Lab 10.2.7 Standard Access Control Lists

Objective:

Demonstrate the use of standard access control lists.

Equipment Requirements:

  • Two Routers
  • One Switch with two VLANS set or two switches or two hubs
  • Two workstations

Scenario:

We want to create a standard access-list which will prevent network traffic from users on network 172.32.2.0. The access-list should be applied to the correct router and on the correct interface so that users on network 172.32.2.0 will not be able to access network 172.32.4.0.

Step 1

Construct the above circuit, using IGRP as your routing protocol.  Use the network address 172.32.3.0/24 on the serial link between the two routers.

Upon completion of the configuration will the two workstations be able to communicate?

List the entries in the routing table

Step 2

Determine a standard access list which will prevent access from any user on subnet 172.32.2.0.

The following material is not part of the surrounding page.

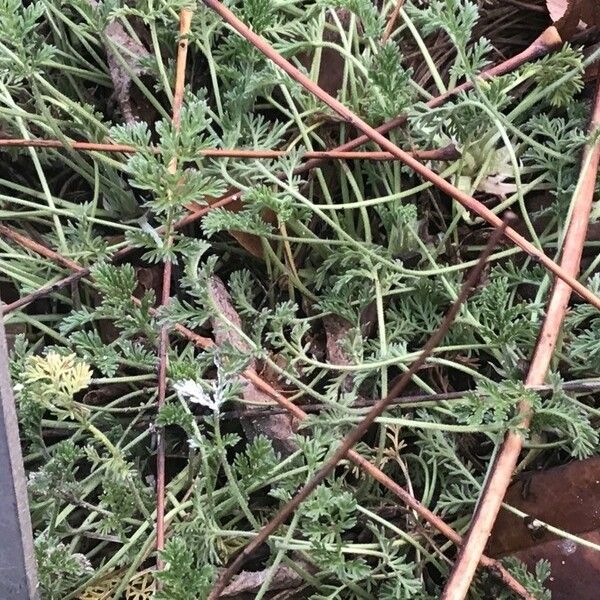 Erodium glandulosum Leaf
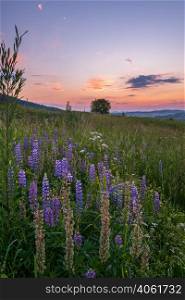 Picturesque June sunset Carpathian mountain countryside meadows. Abundance of vegetation and beautiful wild flowers.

What is the required access list?

Step 3

Apply the access list accordingly so that the users on subnet 172.32.2.0 will not have access to subnet 172.32.4.0.

Which router did you apply the access list to?

On which port did you apply the access list?

Was the access list applied coming in to the port or going out of the port?

Explain your reasons for placing the access list at the location previously specified.

Step 4

Issue several ping commands to test this access list.

Are hosts on subnetwork 172.32.2.0 be able to ping any host on subnet 172.32.4.0?

Is router-b able to ping any host on subnetwork 172.32.4.0? Is router-a able to ping any host on subnetwork 172.32.4.0?

Reflection:

Answer the following questions.

  1. Why is it important to choose the correct wildcard mask for access lists?

  1. Can you alter the information on a particular line of an access list that exists in the middle of the list?

  1. Typically where should standard access lists be placed on a network?